Given no earth I'm assuming the old supply is TT, if the new supply is also TT and a rod has been installed, then I don't think there are any regs about having to use a separate rod or anything like that, so as long as you run a separate cable to it (existing one probably isn't big enough to take the fault current of both CUs). I guess there is an issue about how well it could take the fault current if both CUs faulted - I'll leave that to someone with more knowledge.

If new supply is TN-C-S, then I'm fairly sure you wouldn't be able to use it as an earth for the old CU for a number of reasons (obvious ones that come to mind are that the shared neutral/earth conductor probably wouldn't take the full fault current of both supplys, plus you have various additional risks in the event of a neutral fault...)

Not sure about TN-S, but I think it would come down to conductor size, so you'd probably end up having to put in an earth rod and run the old supply as TT...
 
Thanks for reply rebuke, not sure what supply is as I have not visited it yet, might be a simple fix. The original TN-S or TN-C-S may have never been connected just not come across this before, but sounds like no CPC on old circuits, so re-wire likely.

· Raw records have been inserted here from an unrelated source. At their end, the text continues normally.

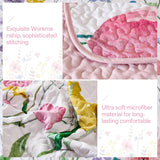 Pink Floral Haven Bedspread Coverlet 3 Piece Set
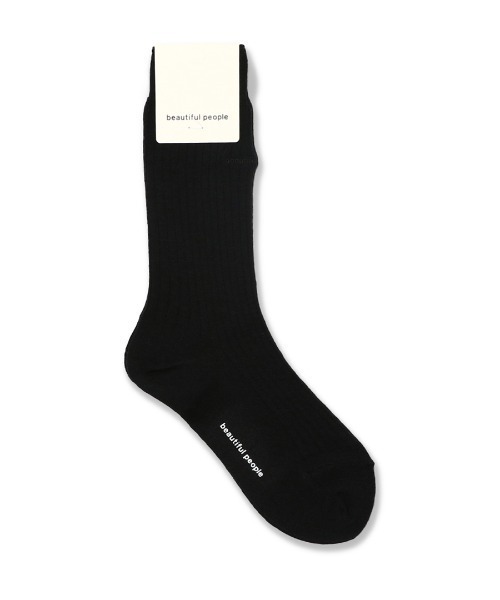 beautiful people(ビューティフルピープル)の「beautiful people wool ribsocks 1245511946(ソックス/靴下・レディース・ブラック/オフホワイト・FREE)」の2枚目の写真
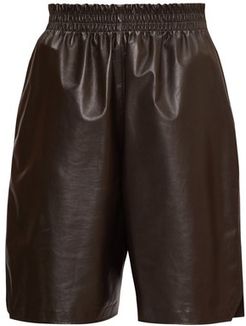 Elasticated-waist Leather Shorts - Womens - Dark Brown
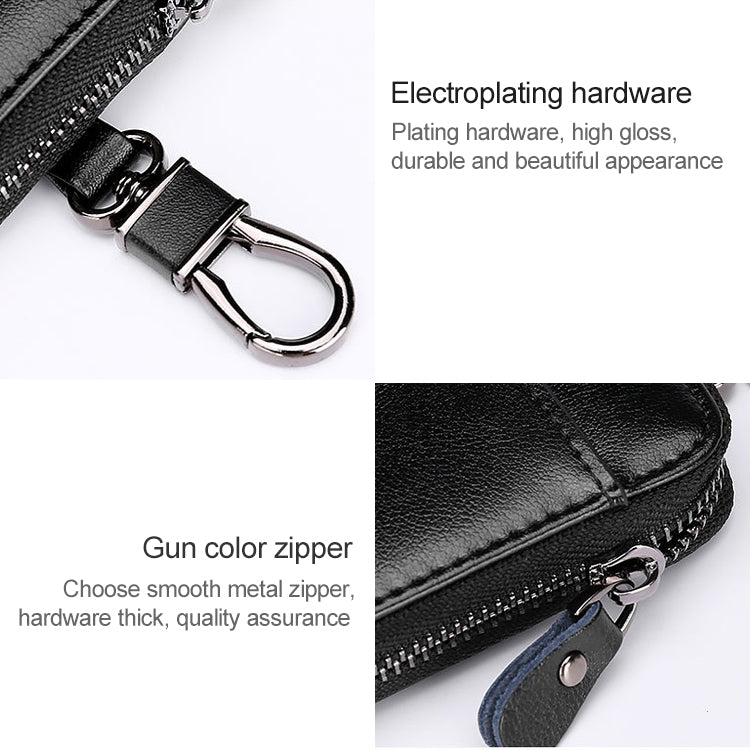 9105 Waist Hanging Large-capacity Zipper Leather Keys Holder Bag Multi-function Wallet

Might get away with installing new circuits to new cu?
 
If new supply is TN-C-S, then I'm fairly sure you wouldn't be able to use it as an earth for the old CU for a number of reasons (obvious ones that come to mind are that the shared neutral/earth conductor probably wouldn't take the full fault current of both supplys, plus you have various additional risks in the event of a neutral fault...)
Plus would it make a difference if the two supplies weren't on the same phase?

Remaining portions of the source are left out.